Is a moving GC really needed?
Frits van Bommel
fvbommel at REMwOVExCAPSs.nl
Mon Oct 2 07:26:41 PDT 2006
Lionello Lunesu wrote:
> Chris Miller wrote:
>> On Mon, 02 Oct 2006 05:23:11 -0400, Lionello Lunesu
>> <lio at lunesu.remove.com> wrote:
>>> Being able to move memory blocks reduces memory fragmentation, am I
>>> correct? Is this the only reason? (For the remainder of this post,
>>> I'm assuming it is.)
>>>
>>
>> I believe it allows for very fast allocations, almost as fast as stack
>> allocation. This is something I'm very interested in.
>
> Why would it allocate faster than a non-moving GC? (Ignoring for the
> moment the cost of moving.)
"Normal" allocators have to deal with fragmentation.
With a moving GC you can allocate everything to the top of the heap and
rely on the GC to shrink the heap when you run out of space.

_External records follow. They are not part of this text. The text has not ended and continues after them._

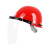 希凡里定制适用烧电焊防护罩脸部头戴式安全帽面罩焊工面屏焊帽子全脸打 透明面屏+支架+红色安全帽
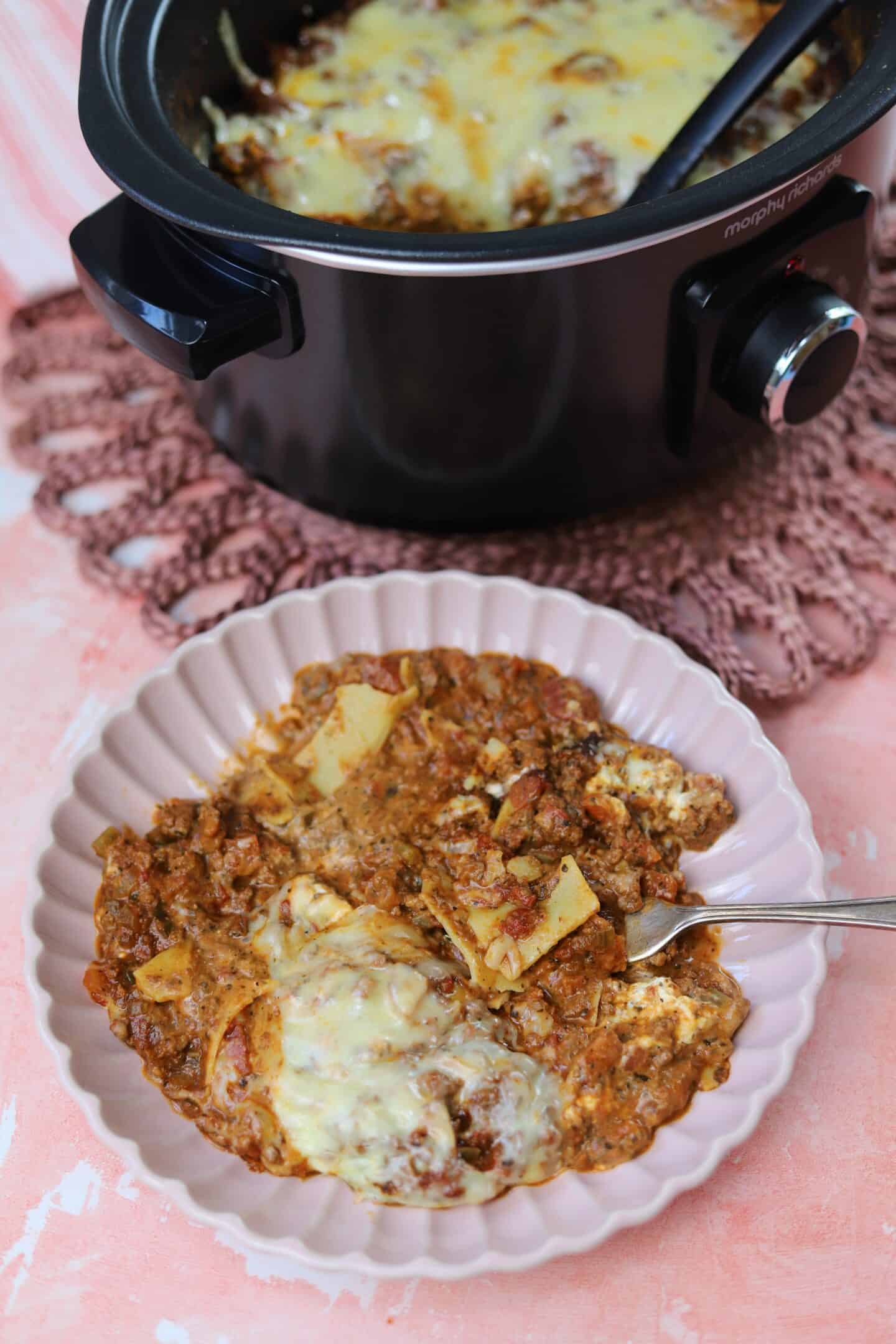 A bowl of slow cooker lasagne.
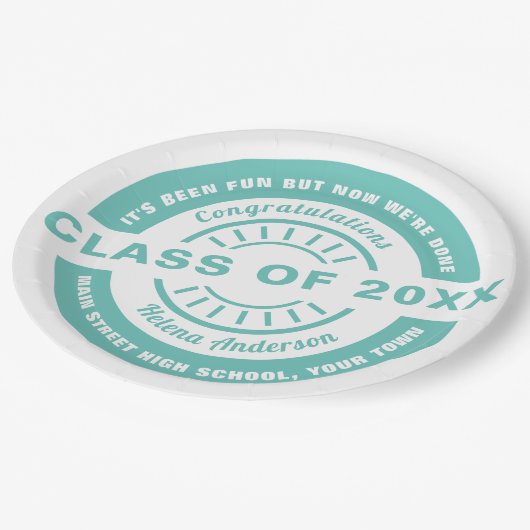 Klasse 2020 oder jedes Jahr Abschluss-Vorlage Pappteller (Schrägansicht)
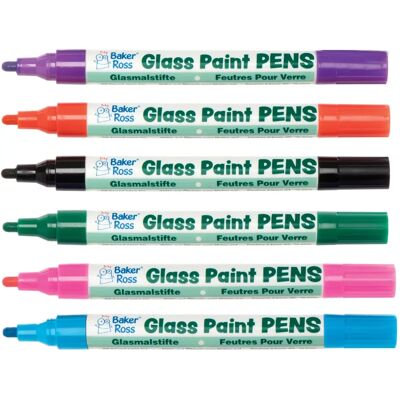Baker Ross Glass Paint Pens - 6 Assorted Colours - Oil Based Acrylic Paint - Heat Fixable Baker Ross Glass Paint Pens - 6 Assorted Colours - Oil Based Acrylic Paint - Heat Fixable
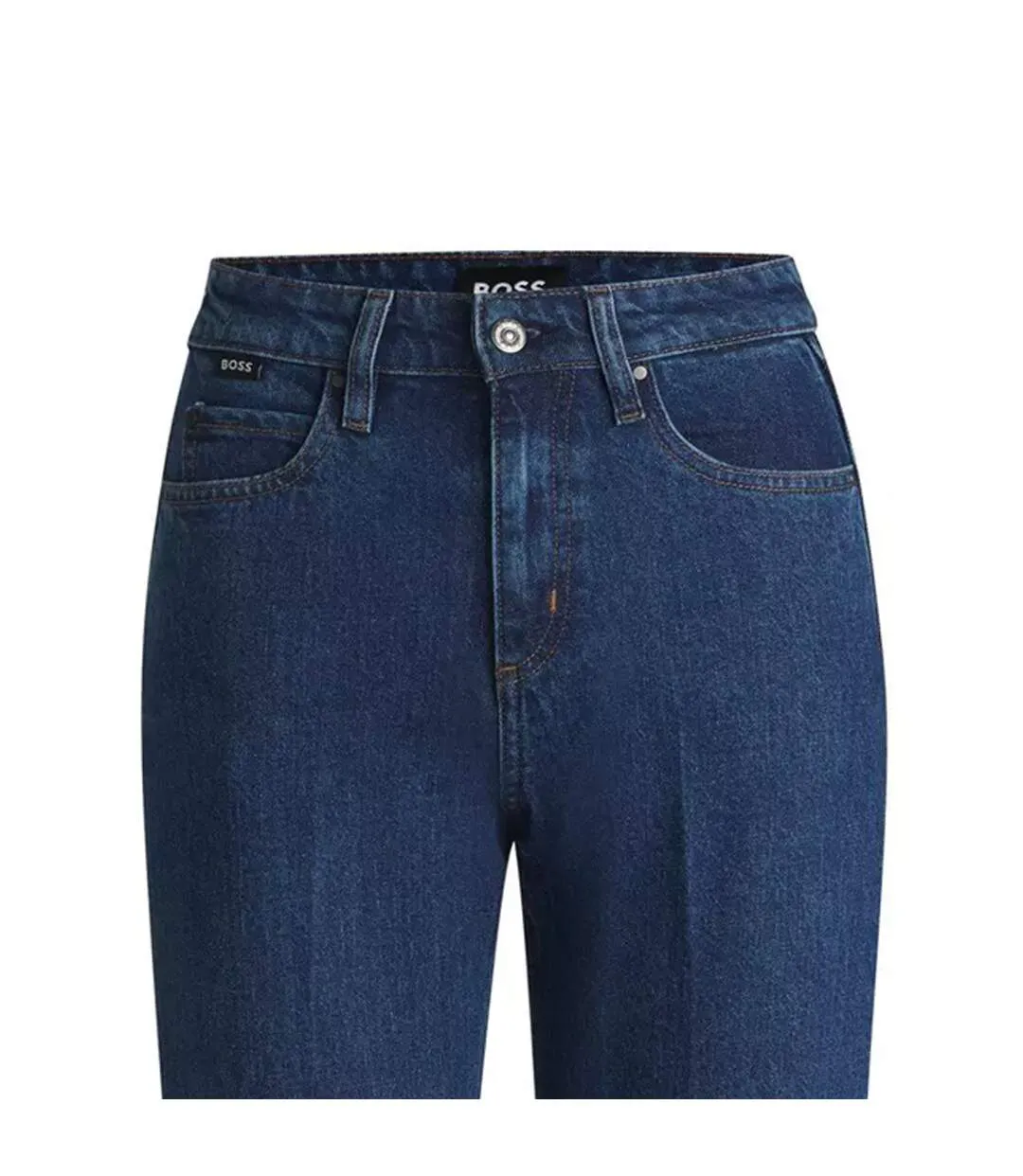 Womens/ladies Parkway 5 Pockets Straight Leg Jeans Blue Boss-3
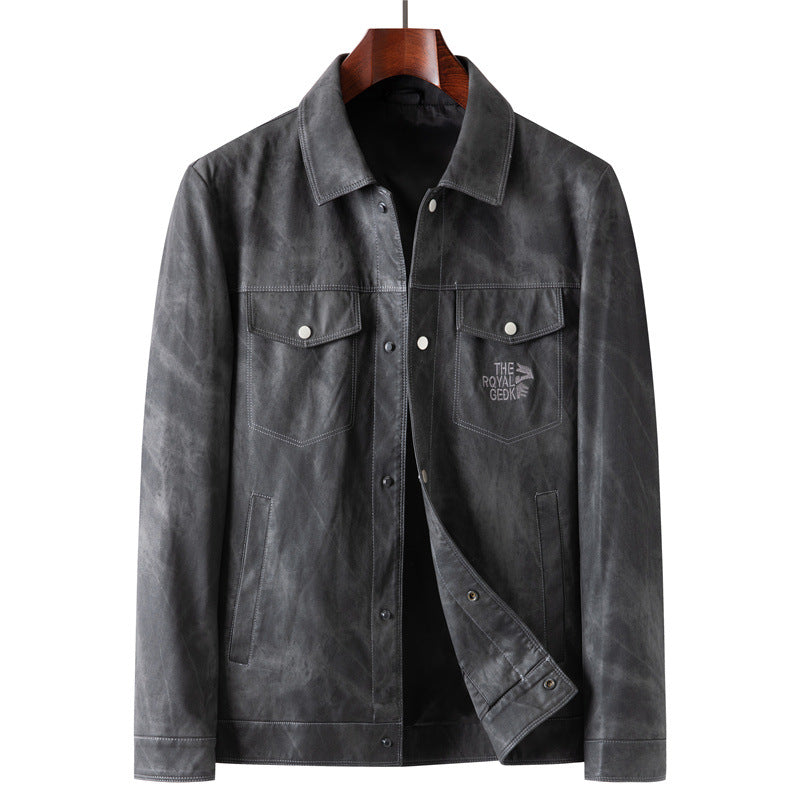Herren Velourslederoptik-Truckerjacke mit Hemdkragen und Pattentaschen Nord Taschen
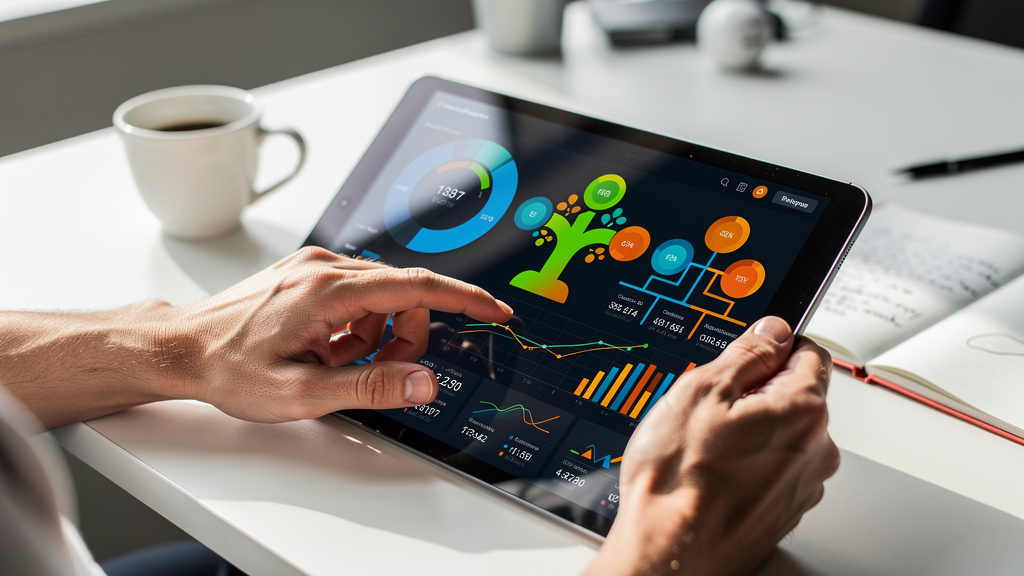 Hands using tablet showing real-time KPI tracking dashboard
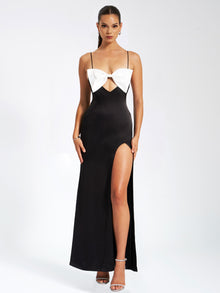 Eleanor Bow Satin Gown | Black and White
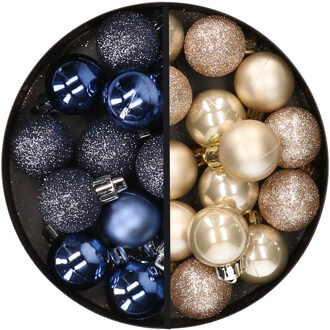 34x stuks kunststof kerstballen donkerblauw en champagne 3 cm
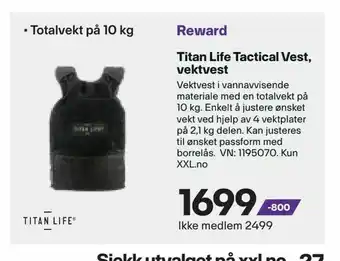 XXL Sport Titan Life Tactical Vest, vektvest tilbud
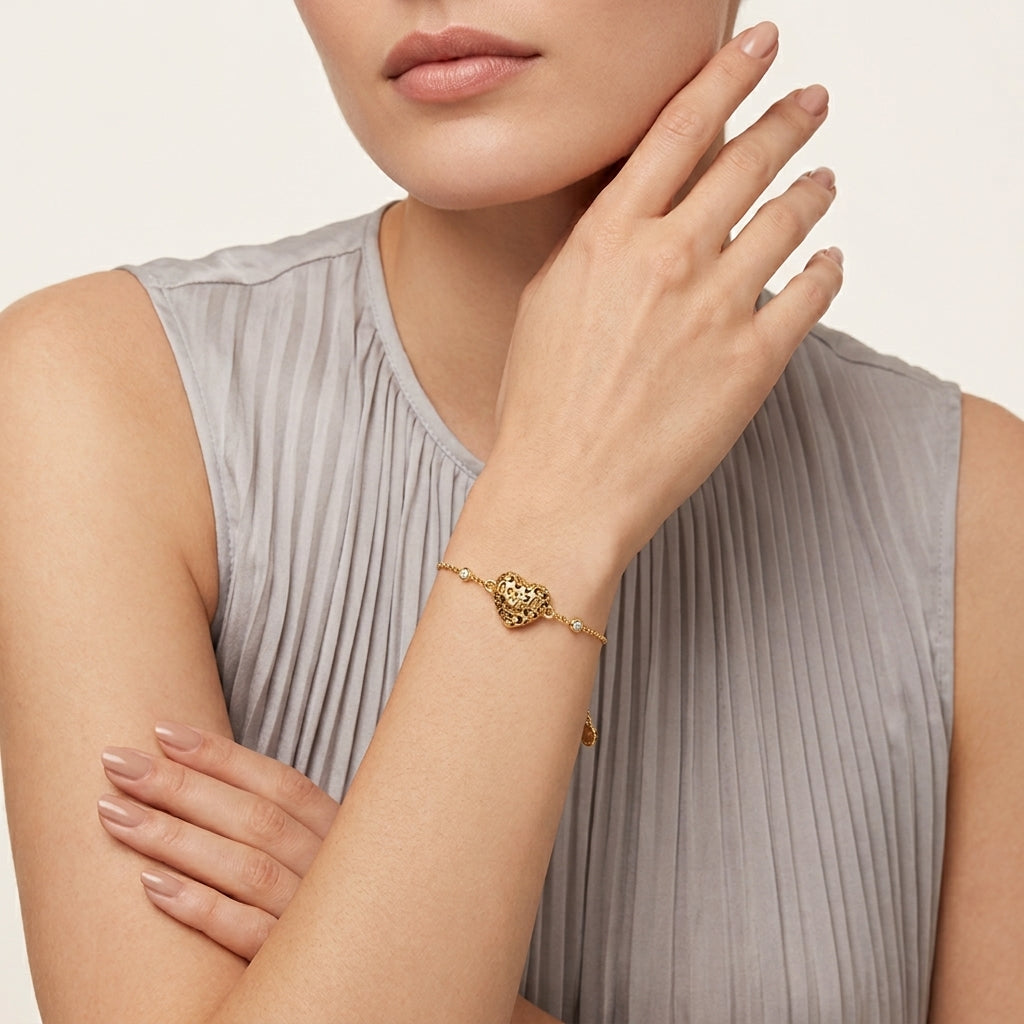 COACH Signature Pave Quilted Heart Slider Bracelet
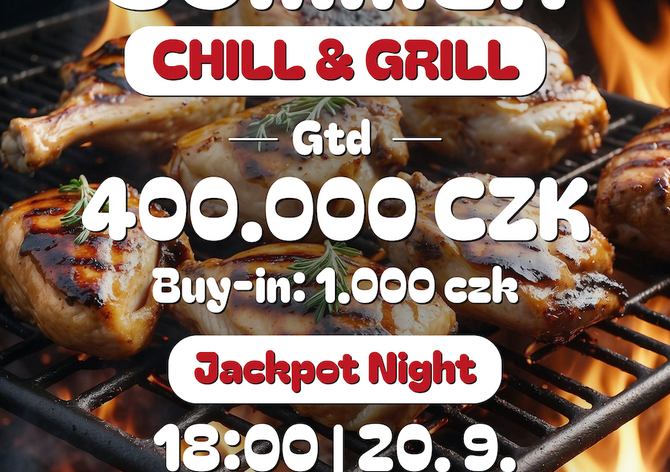 Poslední letošní grilovačka v Oáze s pokerem o 400.000 Kč! Už v pátek!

So the allocator can basically be "increment top-of-heap-pointer by size
of allocation and return old value" (synchronized if in a multi threaded
environment, of course).
That's pretty much the most efficient allocator possible (as long as the
GC doesn't need to run, anyway ;) )
>> It may also improve caching as allocated memory is more together.
>
> This I understand, but what's the granularity (if that's the correct
> term) of a CPU cache?
>
> http://en.wikipedia.org/wiki/CPU_cache#Example:_the_K8 : "The data cache
> keeps copies of 64 byte lines of memory."
>
> I guess the chances are pretty low for two blocks to be moved close
> together and be cached together, and be accessed
IIRC CPUs typically have multiple leveled caches, and the later levels
have larger cache lines. Not sure how big they get though.